The final chai can be sweetened to taste with stevia, organic cane sugar, or maple syrup. The use of dairy-free milk offers a creamy texture suitable for those avoiding dairy while maintaining richness. The process emphasizes releasing spice flavors through simmering, then melding them with tea and milk for traditional comfort and aroma.
Nutrition estimates are calculated using homemade cashew coconut oat milk and stevia sweetening. Adjust ginger intensity by slicing instead of grating for a milder flavor. Strain before serving to remove whole spices and ginger pieces.
Ingredients
- 1 whole cinnamon stick
- 6-8 green cardamom pods
- 1 tsp black peppercorns whole
- 3-4 whole cloves
- 2 ½ cups water
- 2 Tbsp ginger for less intense ginger flavor, slice instead of grating, grated
- 3 Tbsp black tea or ~3-4 black tea bags // use decaf as needed, loose leaf
- 2 cups dairy-free milk (we favor oat milk, coconut milk, and cashew milk // use thicker, richer dairy-free milks like canned coconut milk or our Oatly recipe for creamier chai!)

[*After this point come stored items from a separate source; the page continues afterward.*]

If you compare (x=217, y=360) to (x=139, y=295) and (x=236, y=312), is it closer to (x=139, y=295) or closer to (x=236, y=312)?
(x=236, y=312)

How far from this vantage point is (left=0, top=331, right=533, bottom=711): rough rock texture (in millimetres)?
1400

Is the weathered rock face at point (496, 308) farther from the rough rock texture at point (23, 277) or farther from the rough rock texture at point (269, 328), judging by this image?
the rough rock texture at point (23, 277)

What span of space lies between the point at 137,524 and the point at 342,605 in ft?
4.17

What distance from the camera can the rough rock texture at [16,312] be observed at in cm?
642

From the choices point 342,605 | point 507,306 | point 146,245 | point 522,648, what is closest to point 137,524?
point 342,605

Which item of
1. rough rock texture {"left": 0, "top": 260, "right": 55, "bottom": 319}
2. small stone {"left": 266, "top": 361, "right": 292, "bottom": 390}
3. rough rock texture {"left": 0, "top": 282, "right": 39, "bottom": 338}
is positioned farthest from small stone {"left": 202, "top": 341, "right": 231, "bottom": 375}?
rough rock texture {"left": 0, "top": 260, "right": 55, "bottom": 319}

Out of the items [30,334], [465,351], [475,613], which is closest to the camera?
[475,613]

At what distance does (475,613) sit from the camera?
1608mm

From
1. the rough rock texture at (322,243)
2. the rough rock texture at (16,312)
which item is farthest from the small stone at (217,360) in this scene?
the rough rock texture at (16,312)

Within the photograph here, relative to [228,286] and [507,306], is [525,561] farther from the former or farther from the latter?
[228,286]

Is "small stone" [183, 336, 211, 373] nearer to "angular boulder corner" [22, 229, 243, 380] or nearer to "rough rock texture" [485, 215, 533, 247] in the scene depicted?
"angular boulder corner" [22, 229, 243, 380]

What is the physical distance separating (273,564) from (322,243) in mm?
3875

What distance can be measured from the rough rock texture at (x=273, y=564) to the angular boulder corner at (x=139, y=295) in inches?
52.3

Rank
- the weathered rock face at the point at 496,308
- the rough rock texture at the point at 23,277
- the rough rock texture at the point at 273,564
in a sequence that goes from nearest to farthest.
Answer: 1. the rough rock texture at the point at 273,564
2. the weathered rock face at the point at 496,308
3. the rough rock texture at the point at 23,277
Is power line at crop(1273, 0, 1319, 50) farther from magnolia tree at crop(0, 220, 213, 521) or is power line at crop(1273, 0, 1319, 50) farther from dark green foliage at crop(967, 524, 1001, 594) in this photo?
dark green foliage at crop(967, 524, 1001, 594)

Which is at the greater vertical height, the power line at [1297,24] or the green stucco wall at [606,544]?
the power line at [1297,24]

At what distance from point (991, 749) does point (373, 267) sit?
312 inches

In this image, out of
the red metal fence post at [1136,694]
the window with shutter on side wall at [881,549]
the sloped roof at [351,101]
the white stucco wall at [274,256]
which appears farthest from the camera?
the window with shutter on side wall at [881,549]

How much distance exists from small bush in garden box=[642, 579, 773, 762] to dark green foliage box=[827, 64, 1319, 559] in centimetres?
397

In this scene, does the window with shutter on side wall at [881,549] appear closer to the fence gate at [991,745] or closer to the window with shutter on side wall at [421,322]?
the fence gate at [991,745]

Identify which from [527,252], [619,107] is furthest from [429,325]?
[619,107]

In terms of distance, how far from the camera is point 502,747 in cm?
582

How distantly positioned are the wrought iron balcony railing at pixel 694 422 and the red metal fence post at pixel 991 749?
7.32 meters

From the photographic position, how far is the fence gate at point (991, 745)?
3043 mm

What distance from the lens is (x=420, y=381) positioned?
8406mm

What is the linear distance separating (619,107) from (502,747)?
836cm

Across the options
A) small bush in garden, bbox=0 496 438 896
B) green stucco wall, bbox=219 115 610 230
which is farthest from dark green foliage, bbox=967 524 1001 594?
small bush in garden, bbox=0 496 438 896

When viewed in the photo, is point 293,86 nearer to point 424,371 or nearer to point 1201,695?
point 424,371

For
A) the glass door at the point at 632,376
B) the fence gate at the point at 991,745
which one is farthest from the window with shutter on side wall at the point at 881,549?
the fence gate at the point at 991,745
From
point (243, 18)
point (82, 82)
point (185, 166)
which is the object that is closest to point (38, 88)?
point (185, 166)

- stevia or organic cane sugar or maple syrup, sweetener to taste
Instructions
- Add cinnamon stick, cardamom pods, peppercorns, and cloves to the bowl of a mortar (or cutting board) and use pestle (or heavy pan) to slightly crush the spices. You aren’t pulverizing into a powder, just slightly crushing into small pieces (see photo).

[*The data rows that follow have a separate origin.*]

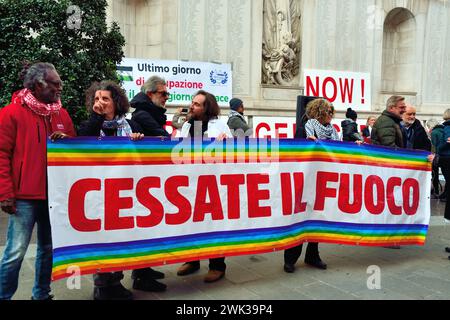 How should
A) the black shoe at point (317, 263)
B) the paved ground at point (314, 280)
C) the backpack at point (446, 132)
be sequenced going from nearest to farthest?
the paved ground at point (314, 280) → the black shoe at point (317, 263) → the backpack at point (446, 132)

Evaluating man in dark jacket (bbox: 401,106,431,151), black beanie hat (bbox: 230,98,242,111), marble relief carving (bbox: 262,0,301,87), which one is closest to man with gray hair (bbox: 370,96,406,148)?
man in dark jacket (bbox: 401,106,431,151)

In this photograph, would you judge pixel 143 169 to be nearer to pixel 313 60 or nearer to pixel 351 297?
pixel 351 297

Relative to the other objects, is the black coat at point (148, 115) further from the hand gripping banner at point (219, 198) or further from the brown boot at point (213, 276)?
the brown boot at point (213, 276)

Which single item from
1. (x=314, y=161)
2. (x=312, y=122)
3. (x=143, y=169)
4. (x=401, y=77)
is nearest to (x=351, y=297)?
(x=314, y=161)

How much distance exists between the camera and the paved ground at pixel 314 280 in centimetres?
408

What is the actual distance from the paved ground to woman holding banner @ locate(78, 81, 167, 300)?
0.22m

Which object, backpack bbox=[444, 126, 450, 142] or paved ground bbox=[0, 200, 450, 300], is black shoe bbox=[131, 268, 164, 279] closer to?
paved ground bbox=[0, 200, 450, 300]

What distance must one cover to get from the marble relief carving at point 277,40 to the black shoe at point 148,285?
10.1 meters

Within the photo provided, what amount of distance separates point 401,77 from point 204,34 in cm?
776

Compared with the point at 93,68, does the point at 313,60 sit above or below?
above

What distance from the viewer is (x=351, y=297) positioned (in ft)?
13.4

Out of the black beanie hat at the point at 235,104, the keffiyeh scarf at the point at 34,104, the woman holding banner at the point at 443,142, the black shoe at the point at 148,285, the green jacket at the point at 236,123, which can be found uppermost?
the black beanie hat at the point at 235,104

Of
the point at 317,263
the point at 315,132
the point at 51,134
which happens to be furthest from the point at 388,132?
the point at 51,134

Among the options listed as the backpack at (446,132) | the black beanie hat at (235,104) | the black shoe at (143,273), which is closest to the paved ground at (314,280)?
the black shoe at (143,273) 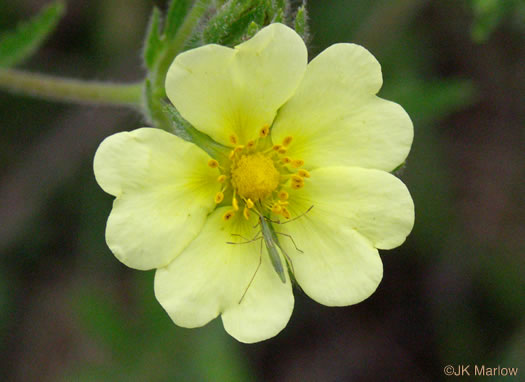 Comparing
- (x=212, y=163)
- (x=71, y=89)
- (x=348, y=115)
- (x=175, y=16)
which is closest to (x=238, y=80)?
(x=212, y=163)

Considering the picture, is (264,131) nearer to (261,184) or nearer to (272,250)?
(261,184)

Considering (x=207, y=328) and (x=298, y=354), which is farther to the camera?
(x=298, y=354)

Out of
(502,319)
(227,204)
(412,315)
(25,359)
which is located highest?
(227,204)

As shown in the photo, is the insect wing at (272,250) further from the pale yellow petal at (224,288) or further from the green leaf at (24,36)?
the green leaf at (24,36)

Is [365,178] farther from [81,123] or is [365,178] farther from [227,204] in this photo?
[81,123]

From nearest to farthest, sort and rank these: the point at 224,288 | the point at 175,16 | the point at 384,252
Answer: the point at 224,288 < the point at 175,16 < the point at 384,252

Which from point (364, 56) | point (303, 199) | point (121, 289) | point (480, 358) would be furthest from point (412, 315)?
point (364, 56) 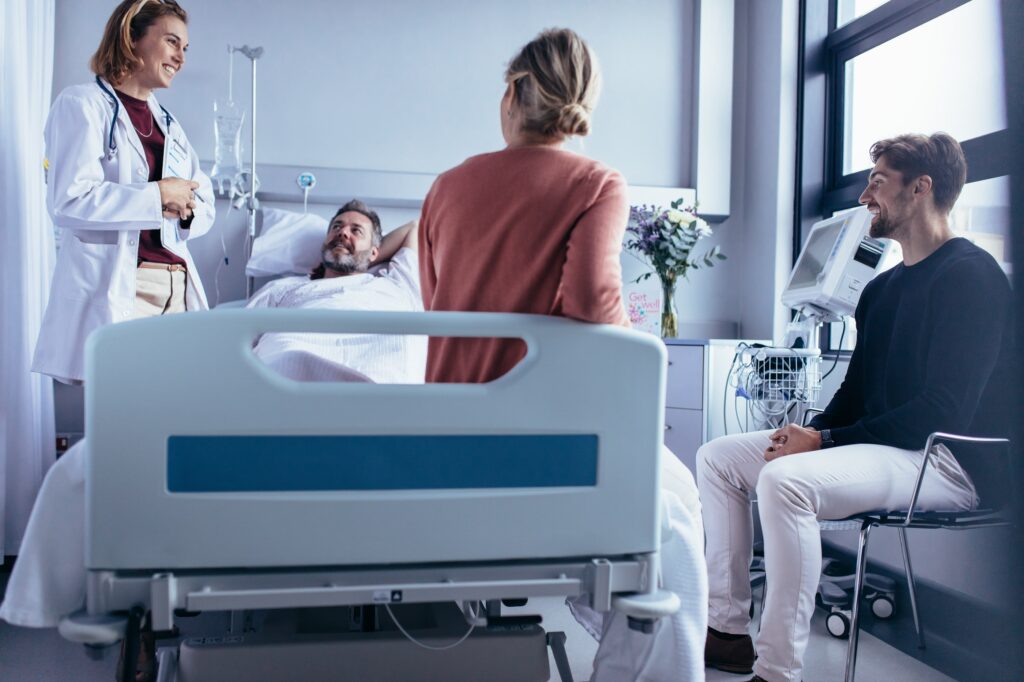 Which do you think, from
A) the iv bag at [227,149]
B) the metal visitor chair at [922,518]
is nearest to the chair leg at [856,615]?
the metal visitor chair at [922,518]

- To a medium saucepan add crushed spices, water, and grated (or sliced) ginger and bring to a boil over high heat. (Note: For a less gingery chai, reduce amount of ginger and slice rather than grating). Then reduce heat slightly to medium/medium-low and maintain a simmer for 15 minutes or until it reduces by about one-third.

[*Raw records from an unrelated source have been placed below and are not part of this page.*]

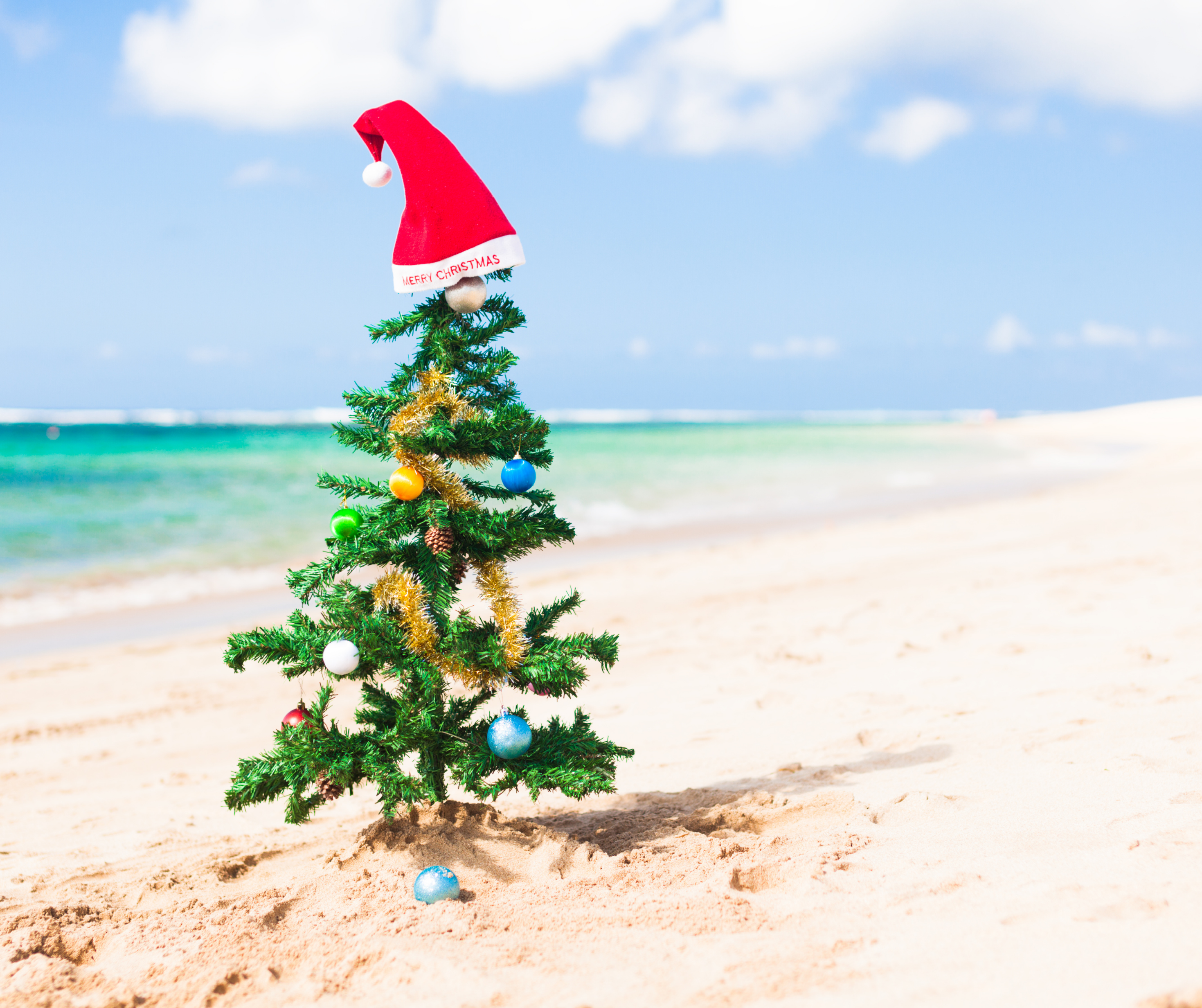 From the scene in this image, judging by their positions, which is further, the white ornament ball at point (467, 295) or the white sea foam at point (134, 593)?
the white sea foam at point (134, 593)

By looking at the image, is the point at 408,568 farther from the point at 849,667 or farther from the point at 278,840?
the point at 849,667

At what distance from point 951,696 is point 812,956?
9.58ft

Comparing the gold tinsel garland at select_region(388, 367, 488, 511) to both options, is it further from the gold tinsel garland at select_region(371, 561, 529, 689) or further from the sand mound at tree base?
the sand mound at tree base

- Add tea (loose leaf or bags) and dairy-free milk of choice (we love light canned coconut) and lower heat to low. Cover and continue cooking for 5 minutes to allow the flavors to meld. Then turn off heat and let steep for 5 minutes more (covered) or longer for deeper flavor.
- Add sweetener of choice to taste (we prefer stevia or maple syrup, but sugar is more traditional). Strain through a fine mesh strainer before serving.
- Keep strained, cooled leftovers covered in the fridge up to 3-4 days. Reheat on the stovetop or in a milk frother. Not freezer friendly.
Nutrition Information
Show DetailsNutrition Facts
Serving: 3(Cups)
Amount Per Serving
Calories 200 kcal
% Daily Value*
| Serving | 1cup | |
| Calories | 200 | 10% |
| Carbohydrates | 19.4g | 6% |
| Protein | 5g | 10% |
| Fat | 13.5g | 21% |
| Saturated Fat | 5.9g | 30% |
| Polyunsaturated Fat | 1.61g | 9% |
| Monounsaturated Fat | 4.7g | 24% |
| Trans Fat | 0g | 0% |
| Cholesterol | 0mg | 0% |
| Sodium | 21mg | 1% |
| Potassium | 283mg | 6% |
| Fiber | 3g | 12% |
| Sugar | 4.9g | 10% |
* Percent Daily Values are based on a 2,000 calorie diet.